The conversation then shifts to his stepmother, who is quietly telling him that he needs to move out of the house. He sarcastically replies that he would be happy to leave by that Thursday, and his mother says “If that’s what you choose.” More whining. More passive-aggression. Now there appears to be some background information for this conversation that we simply don’t have in full. The son refers to a previous conversation with his mother in which he tries to claim that she “promised to support him.” His mother also refers to a conversation where the son admitted that he had chosen homosexuality, as well as public comments he had made slandering his father (as a “racist,” inter alia). All of this comes to a head as she becomes progressively angrier:
“Your dad’s gone to bat for you for the last twenty years of your life. That man’s put a roof over your head, he’s put food on your table…”
“That’s not raising.”
“You say that none of these people have raised you. You’re full of sh*t…You know you wasn’t born that way. You know damn good and well that you made that choice. You know that this man has done everything he can to raise you…”

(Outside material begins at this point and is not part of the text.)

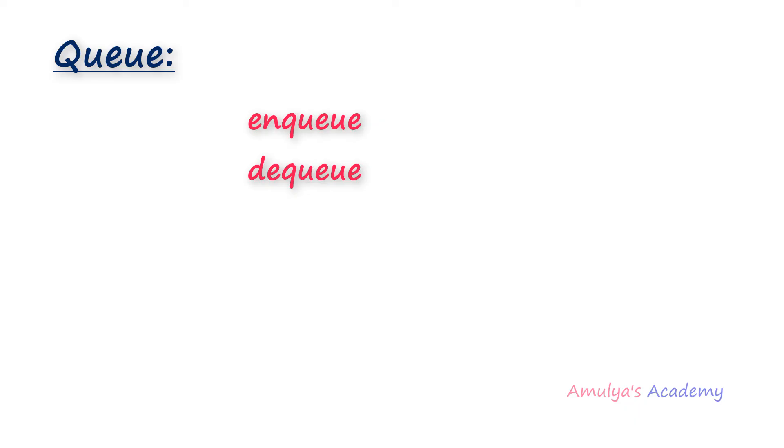And also you can perform isFull operation with the queue. That is to check whether queue is full or not. You can set the limit to the queue and you can see whether that limit is reached or not. If queue is full you can't add more elements to the queue.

“You’re twisting my words.”
“You twist everybody’s words!”
Seconds later, she flies at him in a rage and begins to strike him physically. The male relative also begins to curse and run toward him. The whine turns into a wail: “What’s wrong with you? What’s wrong with you people? I trusted you!” “You’ve never trusted me,” the mother lashes back. “You’ve given me more sh*t than anybody.” After they’ve been physically separated, his father enters the conversation, his own voice shaking with rage: “No, what’s wrong with you? I’ve done everything in the world. Everything in the world for you.” He refers to the son’s slanderous Facebook comments, which the son is now denying.

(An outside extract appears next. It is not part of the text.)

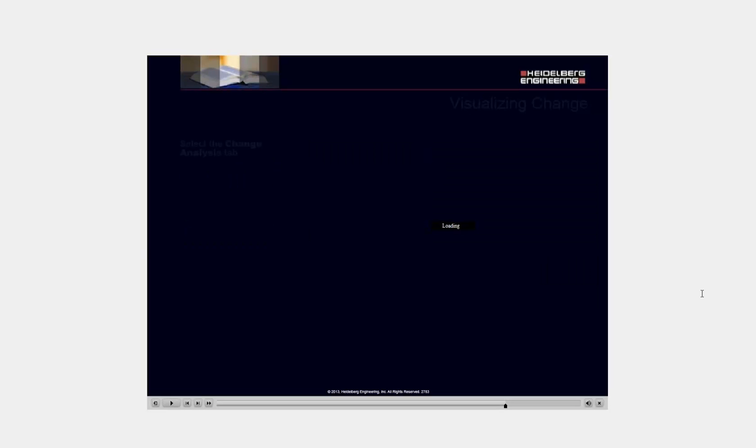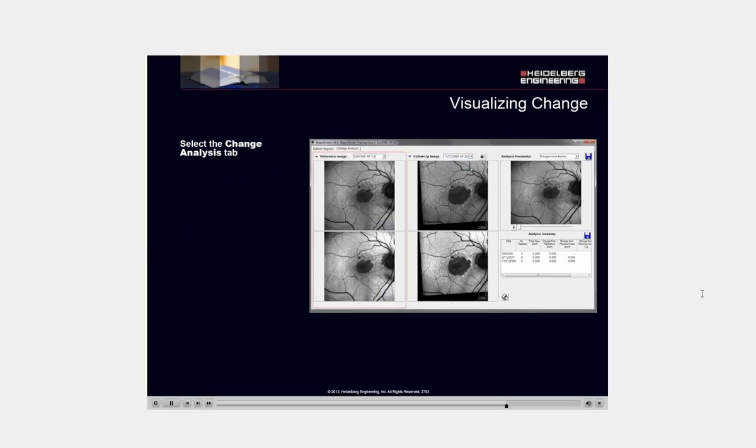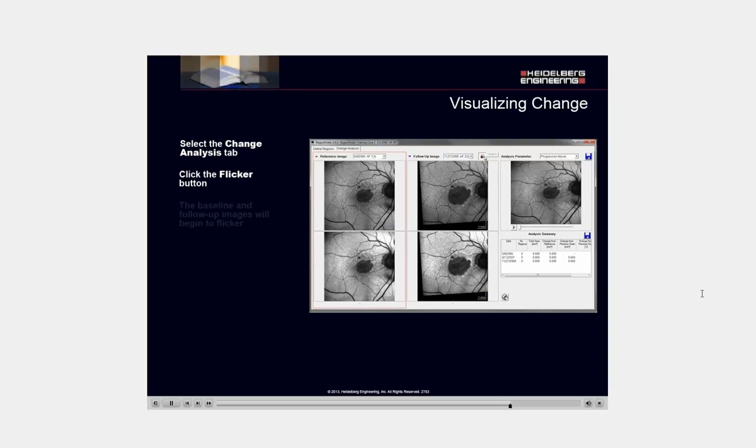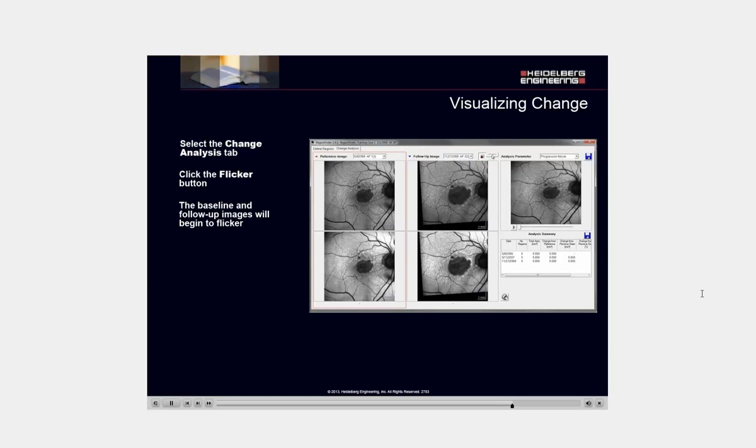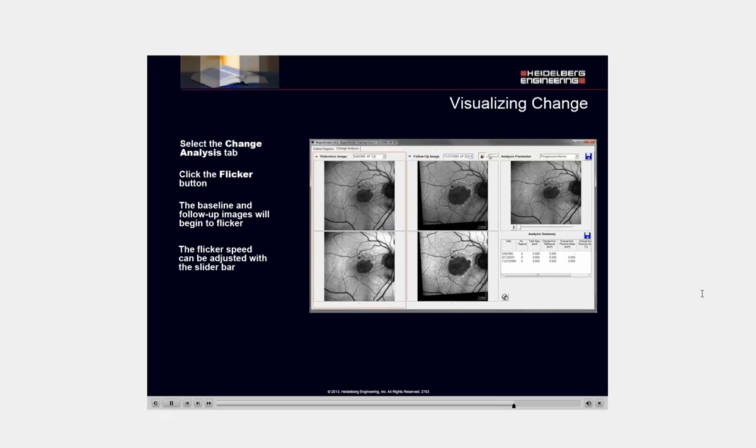Select the change analysis tab. Click the flicker button. The baseline and follow-up images will begin to flicker. The flicker speed can be adjusted with the slider bar.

Then there’s a pause as the father stops to catch his breath. Quietly now, he regards his son, the son he has favored like a wound.
“You’re a disgrace.”
The smug voice again: “No, I am not.”
“Yeah, you are,” the father replies, still breathing hard. “Unfortunately, I’m sorry to say… that you are.”

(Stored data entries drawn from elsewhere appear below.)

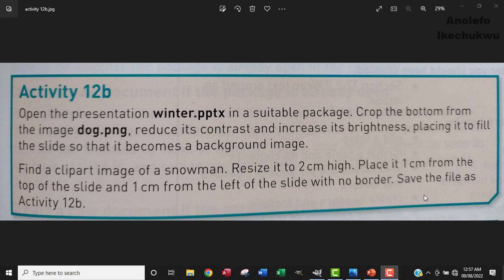Hello, so let's look at activity 12b. The question says open the presentation winter.pptx in a suitable package, crop the bottom from the image dog.png, reduce its contrast and increase its brightness, placing it to fill the slide so that it becomes a background image. So let's take it one after another.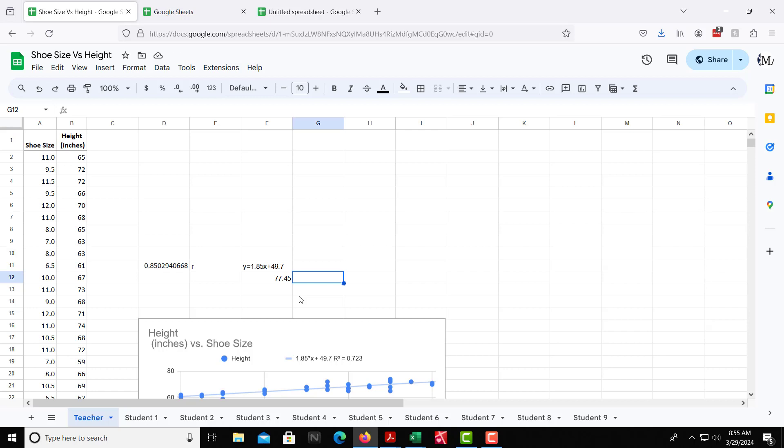And that would be 6'5". So that would be the estimated height for someone with a shoe size of 15. It would be about 6'5". So we can do that for any value, and we can work backwards even. We can plug in a height if you want to figure out their shoe size. Plug in the y value, and then solve that to find x.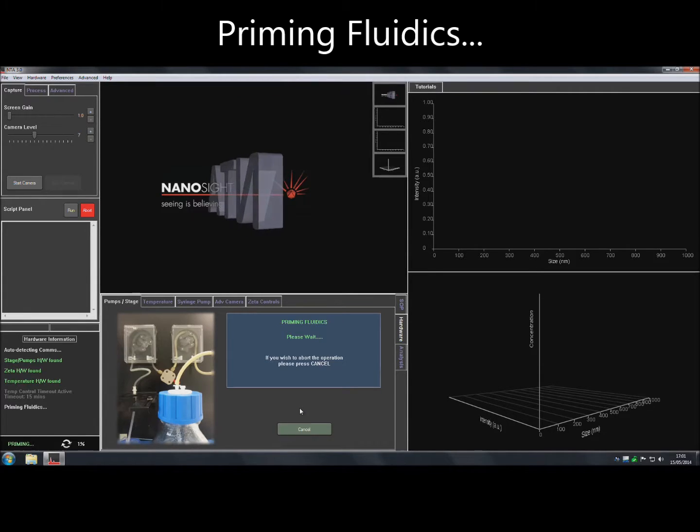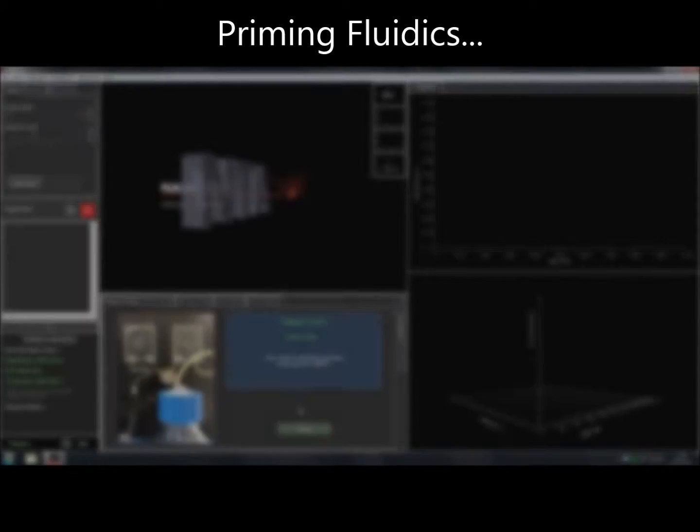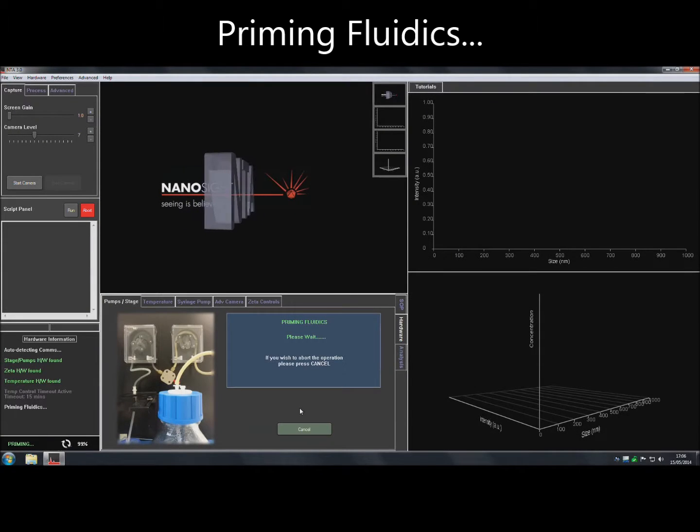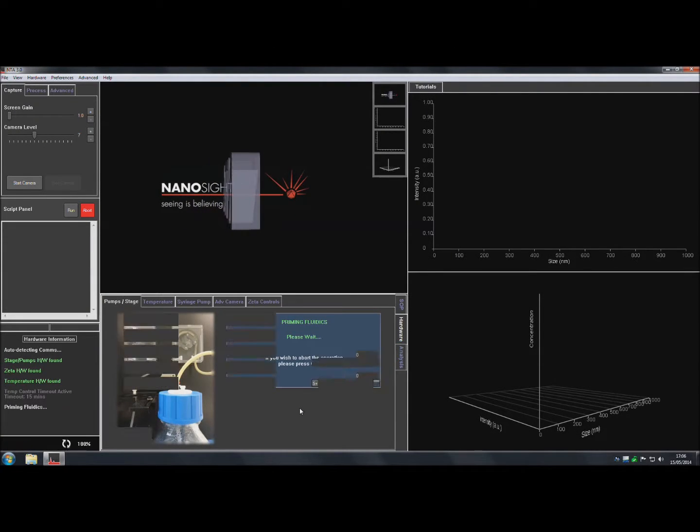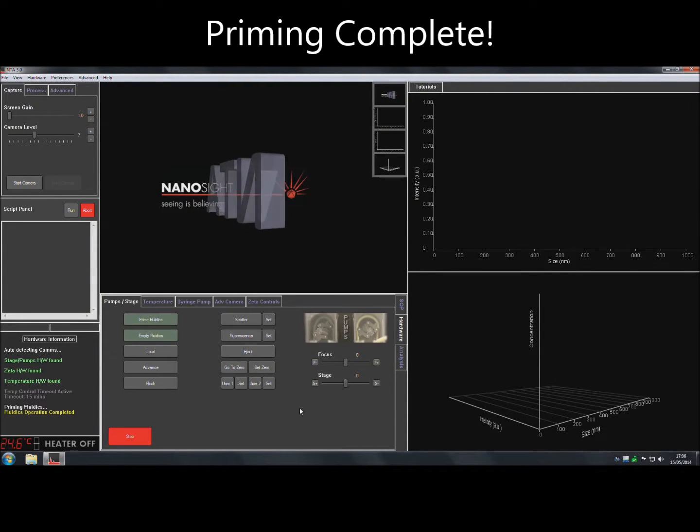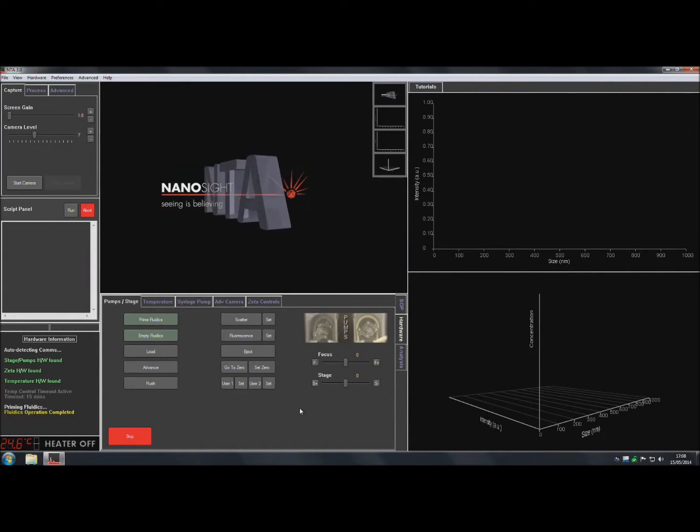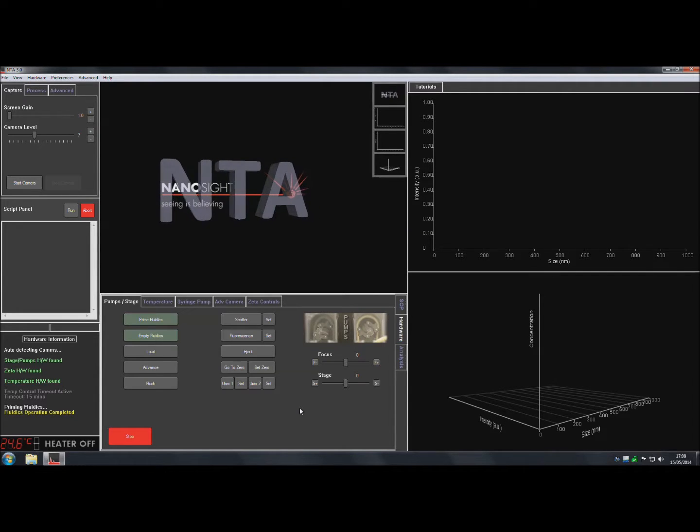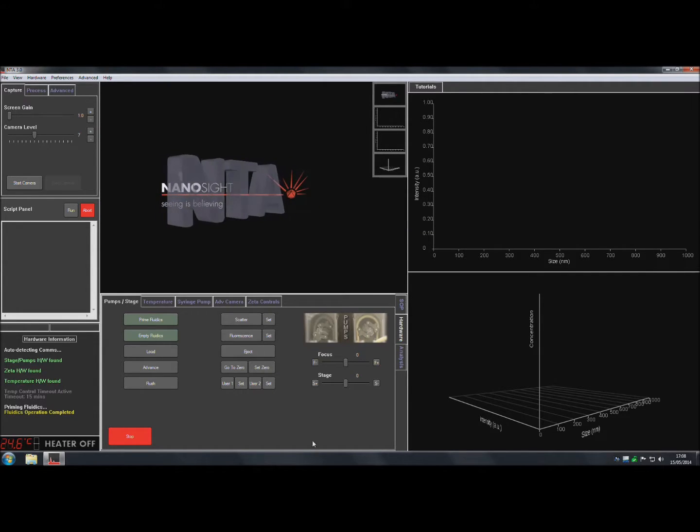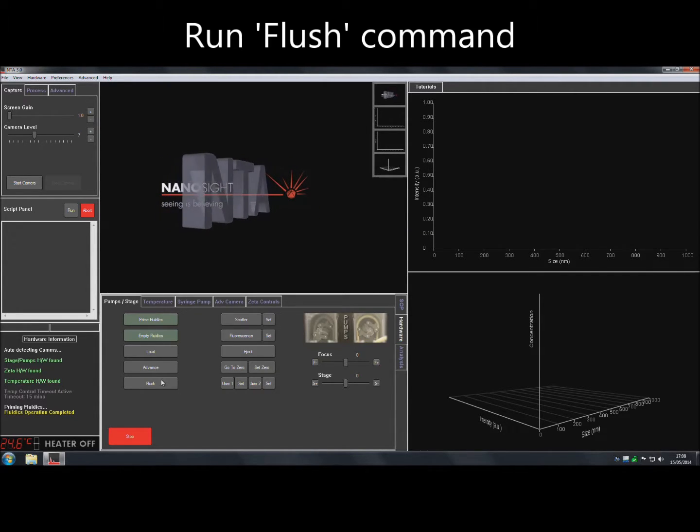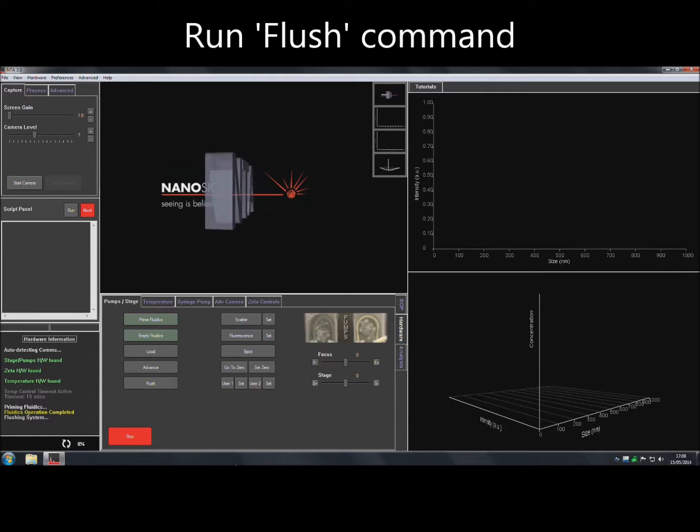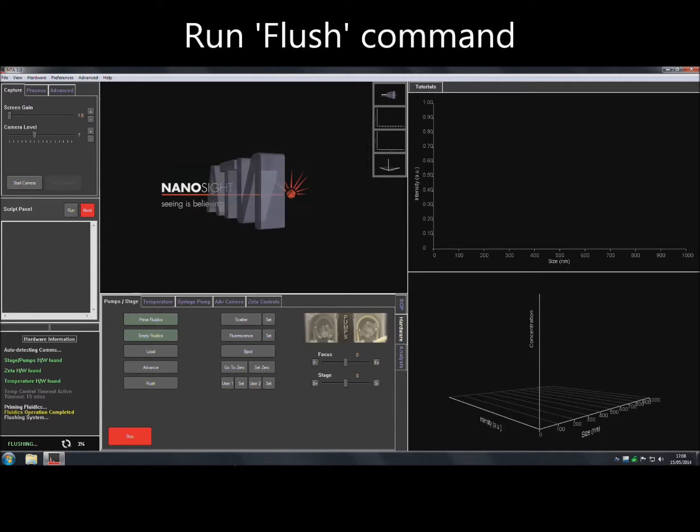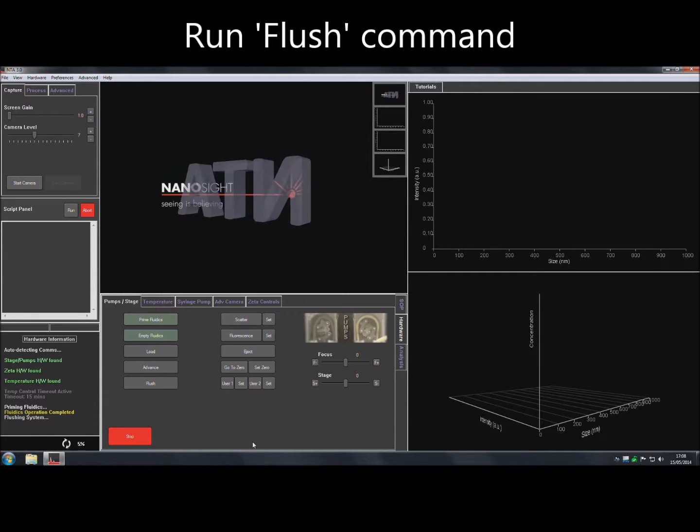Once the fluidics have been primed, faster pump sequences such as flush and load can be used without causing damage to the delicate gasket. Once the Prime Fluidics operation has finished, click on Flush to ensure that all tubing is filled and that no leaking occurs around the gasket and top plate on the laser module.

Make no mistake, this is incredibly dark stuff. It’s stuff so dark that it should never have been displayed for the world to see on Youtube. But the world has seen it now, and as usual with anything connected to homosexuality, the world is blithely, shallowly missing the point of the whole thing. The point of this story is not that a brave young man has been cruelly and unjustly disowned by his hateful relatives. The point of this story is that a father is losing his son. I don’t see how anyone could hear this conversation and not hear the sorrow and pain flow mingled through the rage. Sorrow for grace upon grace extended, grace upon grace rejected.
It is the last turning. It is the turning away, and away, and away.
Oh God, my son. My son.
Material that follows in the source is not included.